Work required: Copy the records below, from the line containing "Detailed close-up view" through the last line; leave out pictures.

Records provided:
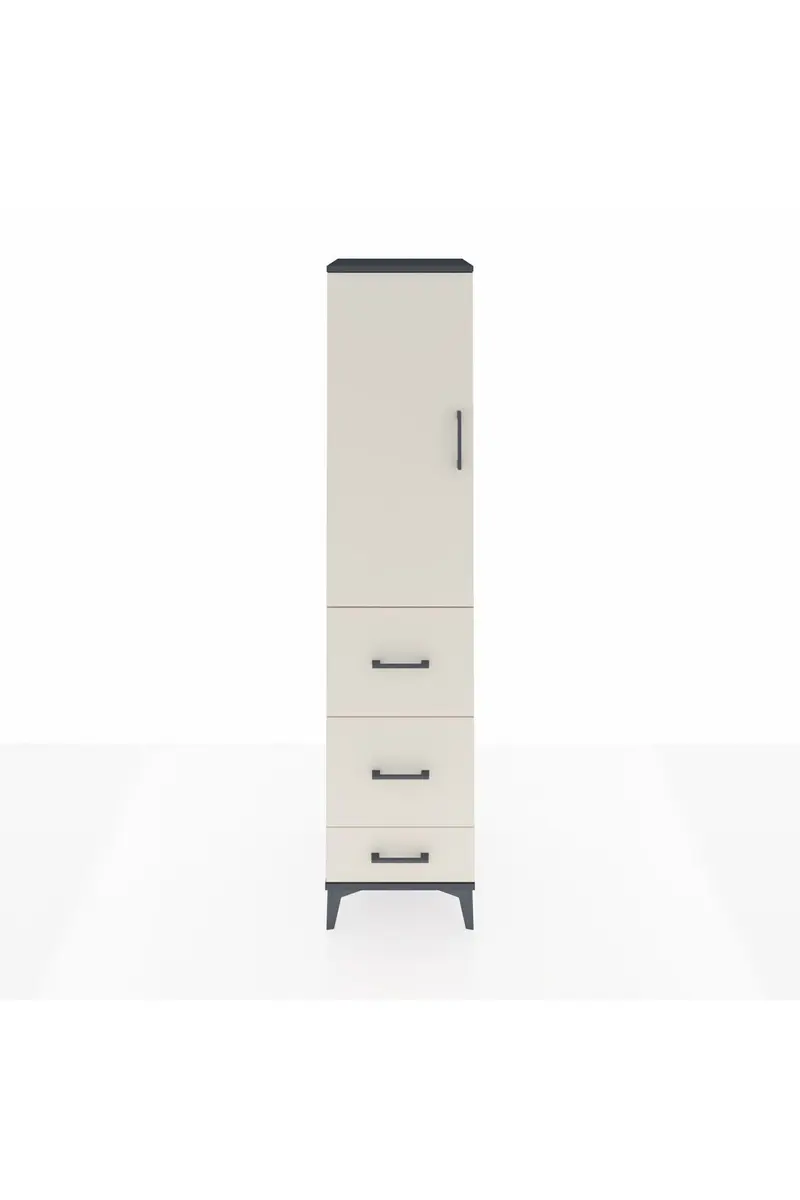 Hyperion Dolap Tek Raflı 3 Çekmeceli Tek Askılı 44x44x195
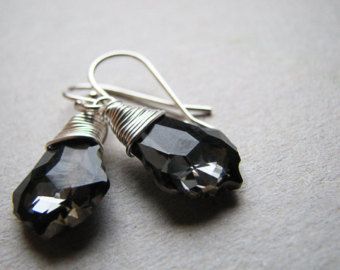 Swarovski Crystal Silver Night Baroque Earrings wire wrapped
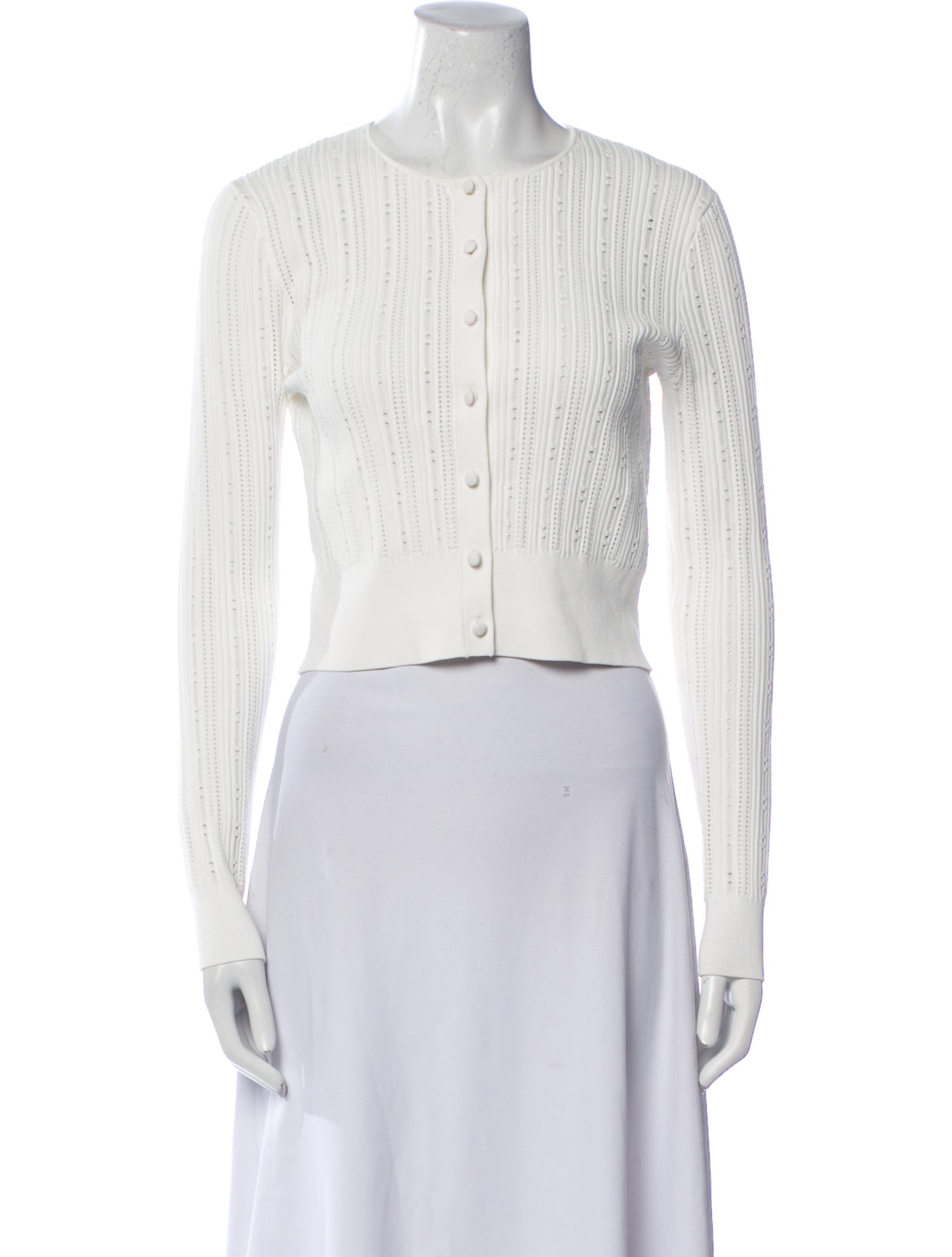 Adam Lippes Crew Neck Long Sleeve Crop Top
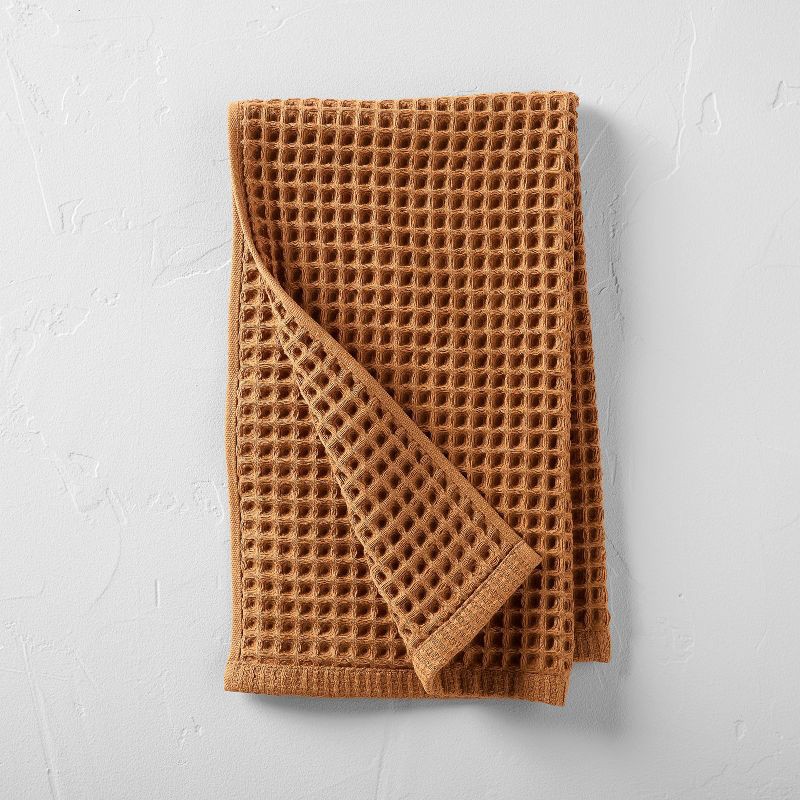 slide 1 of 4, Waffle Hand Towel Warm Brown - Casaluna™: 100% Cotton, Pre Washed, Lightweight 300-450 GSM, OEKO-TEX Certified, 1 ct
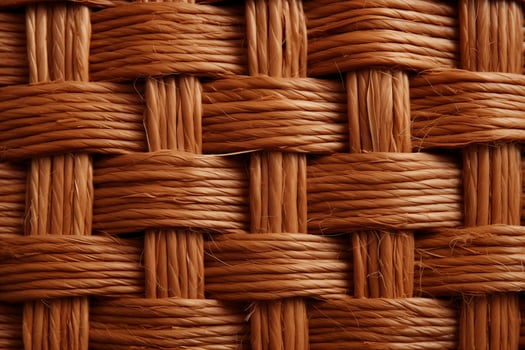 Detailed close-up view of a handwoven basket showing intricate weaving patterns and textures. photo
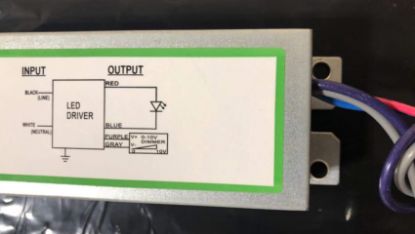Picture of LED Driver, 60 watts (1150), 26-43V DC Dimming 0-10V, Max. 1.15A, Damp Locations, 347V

Output:
 Detailed close-up view of a handwoven basket showing intricate weaving patterns and textures. photo
Picture of LED Driver, 60 watts (1150), 26-43V DC Dimming 0-10V, Max. 1.15A, Damp Locations, 347V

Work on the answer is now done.